I santi come Acutis e Frassati hanno fatto la loro scelta. Non serve ora ricordare tutte le vie percorse da questi giovani, perché le loro vite sono state raccontate a sufficienza in questi mesi, ma di sicuro loro hanno deciso di non attendere che sia qualcun altro o qualcos’altro a definire il loro senso. Sono stati protagonisti perché hanno guardato alla loro stessa esistenza come un bene da custodire e da mettere a frutto. Hanno realizzato, insomma, esattamente quello che ieri mattina papa Leone XIV ha esortato a fare nella sua meditazione all’udienza giubilare: «Scavare nella terra, rompere la crosta dura del mondo».

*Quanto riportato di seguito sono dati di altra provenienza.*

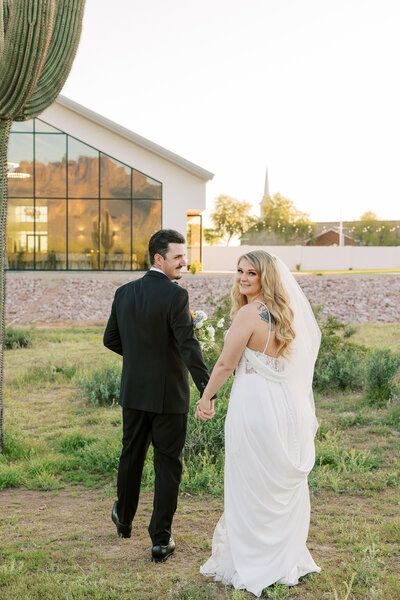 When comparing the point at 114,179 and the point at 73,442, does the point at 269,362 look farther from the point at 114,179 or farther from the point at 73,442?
the point at 114,179

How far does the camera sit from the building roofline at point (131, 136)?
2706 cm

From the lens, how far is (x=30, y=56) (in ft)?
19.3

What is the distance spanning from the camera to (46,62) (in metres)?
6.31

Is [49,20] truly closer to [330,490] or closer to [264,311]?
[264,311]

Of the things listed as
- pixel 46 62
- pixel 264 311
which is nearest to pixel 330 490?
pixel 264 311

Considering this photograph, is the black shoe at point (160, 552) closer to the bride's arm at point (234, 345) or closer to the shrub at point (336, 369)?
the bride's arm at point (234, 345)

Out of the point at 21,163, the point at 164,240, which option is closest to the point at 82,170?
the point at 21,163

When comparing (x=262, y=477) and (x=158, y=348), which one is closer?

E questo per i giovani è un potente messaggio liberatorio: il senso della vita non sta in una misura, in una quantità, nell’eccellenza di un risultato, ma nella voglia stessa di vivere l’esistenza come un frutto dell’infinito. Allo stesso tempo ricorda agli adulti che ciò che conta non è il “quanto”, il successo in termini di obiettivi raggiunti, sia nella propria vita che in quella delle nuove generazioni. Solo così saremo tutti in grado di trovare il senso in ogni singolo gesto quotidiano, e non saranno né il fine né la fine a dettare legge su chi siamo, perché rinunciando alla misura come criterio di giudizio si lascia spazio a ciò che misura non può avere: l’amore.